No late arrivals can be allowed and reservations are required! When you call 928-282-6907, the arrival time will be given. Wear suitable clothing and shoes (prepare for cool nights) and bring water, a flashlight, and insect spray. A $5.00 per person program fee is charged at the time of the reservation. There is also a $10.00 entrance fee to the park for a car of four adults. Program fees are non-refundable unless the park must cancel the hike after your arrival.

May 5: Sunday Lecture Series: Close Encounters of the Reptilian Kind 2 pm. Dennis Jex will present hands-on and interactive opportunities with his program on Close Encounters of the Reptilian Kind. The fun and educational presentation about snakes will be held in the Park theatre. Dennis will talk about the many facts and myths associated with snakes. You will also learn how to treat - or better yet - avoid snakebites, and how to relocate a snake, if necessary. Reservations are required due to limited space. Call the Park at 928-282-6907 to ensure a seat.
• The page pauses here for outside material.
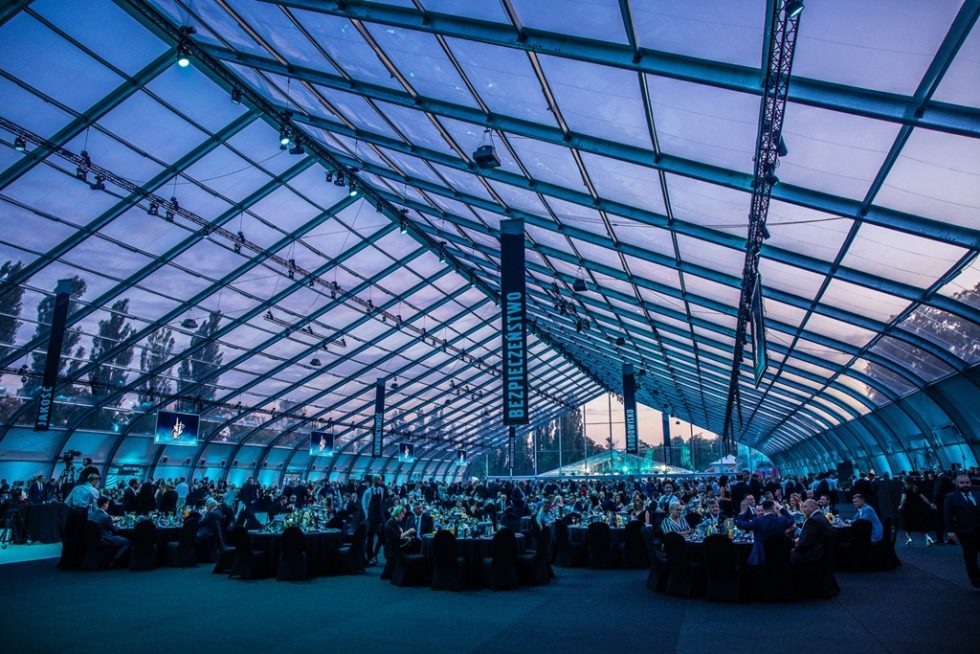 Halę FRS dla 3.000 gości jubileuszu 30-lecia Volvo TrucksPolska zbudowano w historycznej Twierdzy Modlin.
Live snakes will be used to enhance your "up close and personal" educational experience. Do you know snakes eat termites? Some eat scorpions, centipedes, cockroaches, and other insects. Do you know the first thing to do if you're bitten by a rattlesnake? Find out the answers to these and many other questions during this fun and interesting presentation. Visitors will have the opportunity to touch and hold non-venomous snakes for an entertaining and educational close encounter. At the end of the presentation, there will be time for questions. Don't forget to bring your camera!

Dennis Jex has presented educational programs throughout Arizona for several years. His passion for reptiles began at any early age, compelling him to be an advocate for their place on planet earth. He will familiarize you with these wonderful creatures and share fun and interesting information about them. Dennis also assists in field research projects for the benefit of snakes and lizards in Arizona.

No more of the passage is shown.